Although what was known as “Obamacare” was struck down as unconstitutional by the Supreme Court, it was re-enacted after Obama’s re-election in 2012, when both houses of Congress were again under Democratic control.  The new version retained the same “mandatory health insurance” provision that killed the law before, but after Obama’s next two Supreme Court appointments tipped the ideological balance towards a broader authority for Congress, it survived the next challenge.

   This left a bitter taste for conservatives, who relentlessly pumped their resentment through battalions of cable wags and pundits, and released blogs of rage like scud attacks.  In academic and NPR circles, it was a tussle between the dominant liberal, Democratic side holding that an open-ended, unfettered commerce clause was the only way to solve the intractable problems of modern life, and Republicans, conservatives and libertarians holding to the more traditional, limited view.

   But the debate reached down into the popular consciousness as well.  A new nomenclature was invented to describe the conflict.  The problem was made more difficult by the fact that most citizens had no idea what the commerce clause was. For instance, those holding the liberal view were called “clausists”, and the conservatives held the “anti-clause” view.  However, Pew poll results revealed mass confusion about the terms, with multitudes of responders thinking it was about people who didn’t believe in Santa Claus, resulting in several death threats.  Adherents on both sides hurriedly tried substitutes, to no avail.  One abandoned choice for the liberals was “commies” — and the conservatives were the “anti-commies” — but this also skewed negative in the polls because people said it reminded them of  something that had once upset them, but they couldn’t remember what it was.

   Nevertheless, the bitter debate did not impede new, even bolder extensions of federal power, the most notorious being the mandatory purchase of burial plots or cremation charges.  Originally buried, so to speak, in an appropriations bill, the charge was imposed on all taxpayers who had not already paid for their future sendoffs.  All IRS forms would have a place to list the pre-paid funeral and burial plot purchases.  If “No purchase” was checked, or it was left blank, an assessment of 0.35 of the AGI was placed in a general fund to cover these costs.  The argument was that the cost of  burials was rising at triple the inflation rate — due to the scarcity of land — and that  eventually the taxpayer was going to get stuck with it, so why wait.

   It came as no surprise that the law would be challenged as unconstitutional.  However, the debate over the applicability of the commerce clause to this most personal function took some unexpected turns.  One group of plaintiffs relied less on whether funerals were a “commercial activity” than about whether they should be exempt because, as adherents of Ray Kurzweil’s program for the eternal cybernetic renewal of the self, they were never going to die.
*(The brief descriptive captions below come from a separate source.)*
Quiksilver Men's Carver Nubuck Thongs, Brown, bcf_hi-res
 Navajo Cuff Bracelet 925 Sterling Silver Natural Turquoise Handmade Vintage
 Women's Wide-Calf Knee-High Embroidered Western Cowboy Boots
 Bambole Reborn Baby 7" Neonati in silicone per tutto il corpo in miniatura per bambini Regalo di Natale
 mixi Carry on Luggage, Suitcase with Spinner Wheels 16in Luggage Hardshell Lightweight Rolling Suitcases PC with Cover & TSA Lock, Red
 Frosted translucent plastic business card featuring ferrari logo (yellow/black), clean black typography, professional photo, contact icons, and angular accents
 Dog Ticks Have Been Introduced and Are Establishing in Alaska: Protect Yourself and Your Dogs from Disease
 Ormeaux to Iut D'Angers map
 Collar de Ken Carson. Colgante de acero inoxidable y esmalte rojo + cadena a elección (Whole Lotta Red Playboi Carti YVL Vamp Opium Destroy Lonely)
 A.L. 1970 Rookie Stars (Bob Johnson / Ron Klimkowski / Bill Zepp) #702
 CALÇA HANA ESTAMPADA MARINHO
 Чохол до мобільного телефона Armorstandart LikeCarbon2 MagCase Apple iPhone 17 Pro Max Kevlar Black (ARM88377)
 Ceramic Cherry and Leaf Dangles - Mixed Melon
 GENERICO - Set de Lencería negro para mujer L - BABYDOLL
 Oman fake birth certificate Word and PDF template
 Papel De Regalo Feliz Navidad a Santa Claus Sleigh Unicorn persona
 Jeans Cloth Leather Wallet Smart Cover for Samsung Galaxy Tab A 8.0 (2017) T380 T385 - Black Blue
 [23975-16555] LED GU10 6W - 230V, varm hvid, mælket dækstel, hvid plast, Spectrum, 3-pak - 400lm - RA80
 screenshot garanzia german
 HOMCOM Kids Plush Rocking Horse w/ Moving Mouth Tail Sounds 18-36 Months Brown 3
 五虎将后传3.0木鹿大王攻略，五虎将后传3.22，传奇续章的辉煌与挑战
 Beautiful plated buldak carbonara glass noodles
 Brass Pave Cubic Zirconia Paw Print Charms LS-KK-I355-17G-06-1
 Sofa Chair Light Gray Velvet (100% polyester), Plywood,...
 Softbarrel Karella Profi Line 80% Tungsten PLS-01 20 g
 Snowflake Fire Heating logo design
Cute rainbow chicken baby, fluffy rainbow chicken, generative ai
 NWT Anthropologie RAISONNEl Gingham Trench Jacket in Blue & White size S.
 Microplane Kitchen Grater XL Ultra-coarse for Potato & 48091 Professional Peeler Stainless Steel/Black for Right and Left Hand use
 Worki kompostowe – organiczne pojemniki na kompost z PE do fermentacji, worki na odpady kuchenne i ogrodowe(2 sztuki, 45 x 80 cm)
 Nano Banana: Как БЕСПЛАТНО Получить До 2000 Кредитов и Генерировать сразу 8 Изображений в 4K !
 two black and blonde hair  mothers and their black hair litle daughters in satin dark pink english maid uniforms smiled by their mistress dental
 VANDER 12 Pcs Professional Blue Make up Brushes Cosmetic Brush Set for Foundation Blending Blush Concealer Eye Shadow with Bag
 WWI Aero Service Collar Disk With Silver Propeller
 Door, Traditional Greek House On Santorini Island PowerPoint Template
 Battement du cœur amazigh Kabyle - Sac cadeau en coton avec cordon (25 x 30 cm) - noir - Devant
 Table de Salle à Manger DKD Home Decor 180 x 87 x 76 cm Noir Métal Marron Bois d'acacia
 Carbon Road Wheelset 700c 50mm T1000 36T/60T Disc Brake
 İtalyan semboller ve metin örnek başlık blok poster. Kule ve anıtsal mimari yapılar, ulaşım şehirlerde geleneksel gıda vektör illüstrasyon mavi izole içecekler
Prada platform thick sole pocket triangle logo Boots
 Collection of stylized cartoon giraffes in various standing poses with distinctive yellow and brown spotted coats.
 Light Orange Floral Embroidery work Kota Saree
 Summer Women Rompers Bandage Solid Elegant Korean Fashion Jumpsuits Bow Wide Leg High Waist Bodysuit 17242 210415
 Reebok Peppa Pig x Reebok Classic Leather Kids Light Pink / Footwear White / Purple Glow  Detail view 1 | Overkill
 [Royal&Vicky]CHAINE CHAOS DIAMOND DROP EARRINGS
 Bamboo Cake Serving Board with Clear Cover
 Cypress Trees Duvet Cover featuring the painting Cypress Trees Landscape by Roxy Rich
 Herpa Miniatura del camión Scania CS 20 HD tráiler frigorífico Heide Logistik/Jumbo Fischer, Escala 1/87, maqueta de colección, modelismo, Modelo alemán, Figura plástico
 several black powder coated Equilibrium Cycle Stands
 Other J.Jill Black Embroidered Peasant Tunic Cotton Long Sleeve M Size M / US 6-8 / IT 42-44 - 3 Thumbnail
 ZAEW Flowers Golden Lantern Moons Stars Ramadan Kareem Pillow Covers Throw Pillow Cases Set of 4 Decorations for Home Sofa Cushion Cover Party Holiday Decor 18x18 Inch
   But the lawsuits from such “fringe” groups were flicked off summarily.  The judicial “hot money” was on whether the “death penalty”, as it came to be called, could survive a claim that a citizen’s death could not be an “activity” within even the broadest view of federal powers.  The red and blue state divide stayed true to form when it reached the Supreme Court, with two blue circuits confirming constitutionality, and two red ones rejecting it.

   Finally, the big day arrived.  It was briefs drawn at the SCOTUS Corral, but when the smoke cleared, the hated law still stood.  The deciding vote came down to finding that “dying” was, indeed, a commercial activity.

    The decision rested on subtleties of language that compared an earlier draft of the law with the final version.  Specifically, the earlier draft had read: “…the necessary preparation for death, if not thus far undertaken, shall be deemed satisfied by the smaller of an amount equal to the determined rate for all deceased users in the current fiscal year, or 0.35% of AGI, or, when submitted in quarterly schedule, the smaller of 0.35% of AGI or the proportionate rate for the deceased units of chartered status within that quarter.”

   The Court noted how the Congressional record documented the dispute that led to the final version; namely, that the term “dying” be substituted for “death” because the latter suggested a final stasis of the taxpayer, whereas “dying” captured the broadest range of the final life experience, including all emergency measures to avoid it.  Thus, “…preparation for death” became “…dying and death-related preparations.”  It was held that this was sufficient commercial “activity” for constitutional purposes.

   The challengers, mindful of the newly liberal makeup of the Court,  had prepared themselves for the worst, and their major argument seemed a desperate “Hail Mary” pass.  They claimed that the use of “dying” was ambiguous, and therefore fatally flawed, because the “dying” taxpayer may fool everybody by recovering, which would have the effect of making the payment an unconstitutional “taking” as based on a false description of the penalized activity.

   But the Court made short work of this.  While they agreed that such a result would be an improper taking, that was no reason to declare the law unconstitutional, since the penalty could always be applied as a “credit” refundable on the eventual date of delivery.